Police responded to a reported hate crime that involved the vandalism of an LGBTQ information board on March 25 in the Fine Arts building.

A prankster performed the vandalism by replacing many of the letters in LGBTQ+ with just the letter “B.” The letters were drawn with a square surrounding them over the title of the display, similar to the “B” emoji. The “B” emoji is a popular meme, and as such, the vandal may not have had malicious intent behind the meaning of his crime.

Deputy Chief of Police Paul Dillon said that the incident was “originally written up as a destruction of property and hate crime, but after review, it will be classified only as a destruction of property. For it to be a hate crime, we would need to reasonably believe the motivation of the crime was a bias against members of the LGBTQ+ community. I do not feel writing the letter ‘B’ over the letters ‘G, B, T’ demonstrates a bias.”

According to the UMBC Police Department’s Clery Report, a hate crime is defined as “a criminal offense that manifests evidence that the victim was intentionally selected because of the perpetrator’s bias against the victim.” Hate crimes towards a person’s sexual orientation are also defined in the report as “a preformed negative opinion or attitude toward a group of persons based on their actual or perceived sexual orientation.”

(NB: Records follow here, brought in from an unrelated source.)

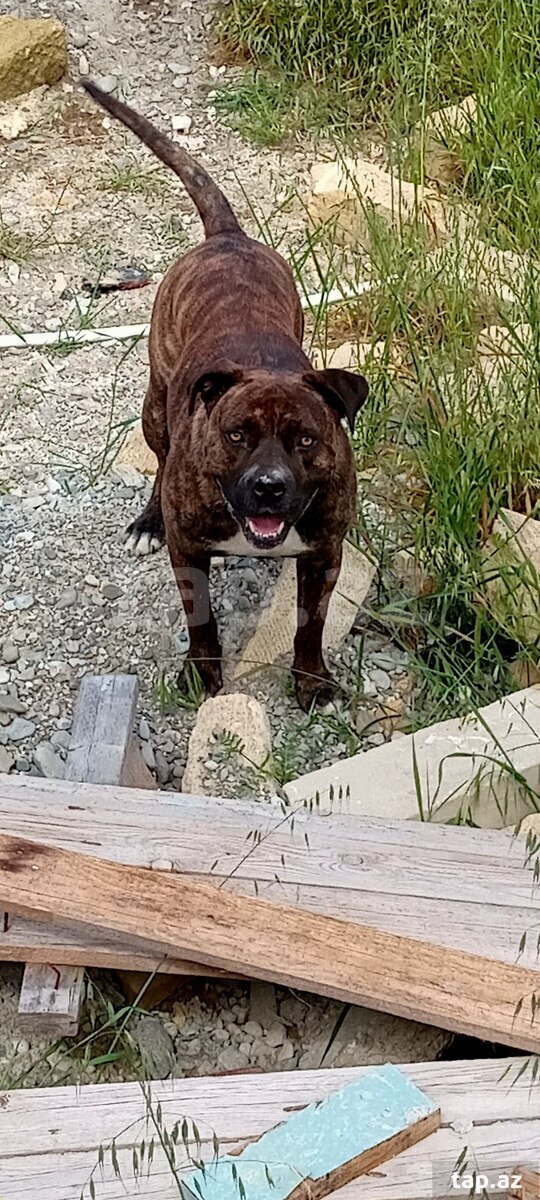 Pitbul (cütləşdirmək üçün) (4)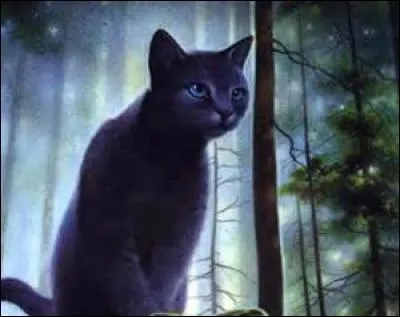 Comment s'appelle cette chatte ?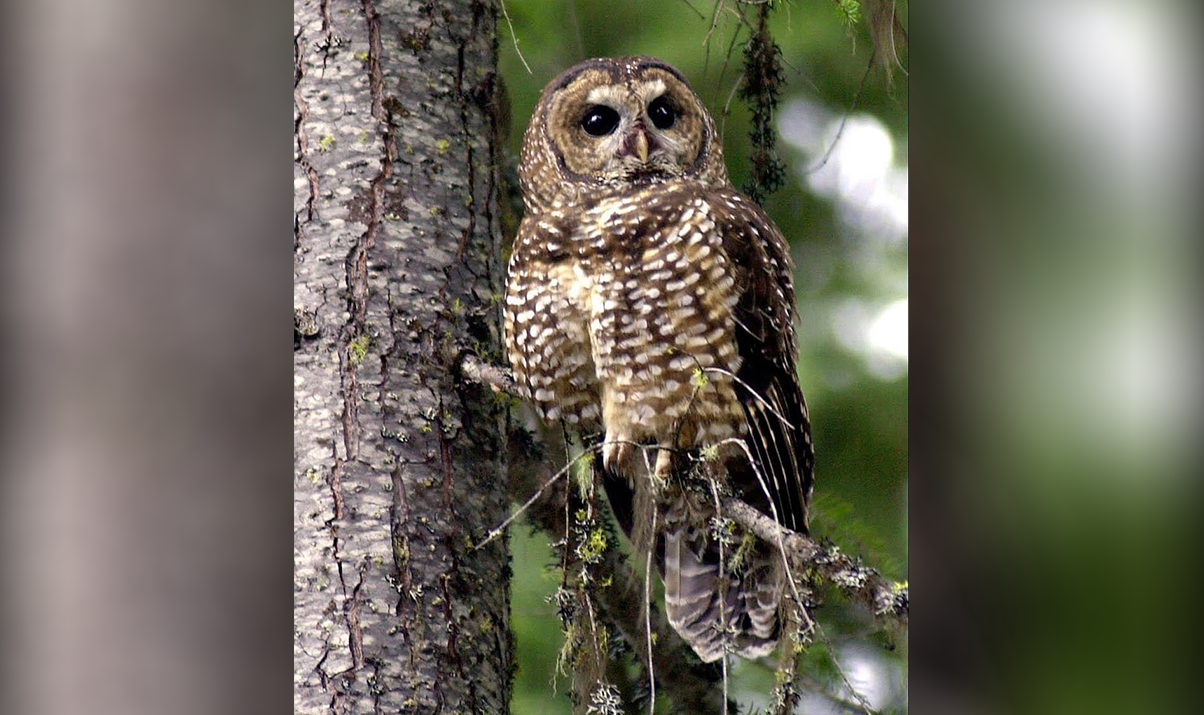 Study blames NorCal pot farms for poisoning endangered owls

The incident marks the first time a hate crime was reported on campus this year, though further investigation by police led to the conclusion that this act did not constitute a hate crime. The last time a hate crime was reported on campus was on Dec. 15, 2017, which involved a small swastika drawn in a stall in the women’s bathroom of the Fine Arts building. This indicates a major decline in hate crimes from last year, when a total of seven hate crimes occurred between October and December alone. Whether this trend will continue will remain to be seen as the year progresses.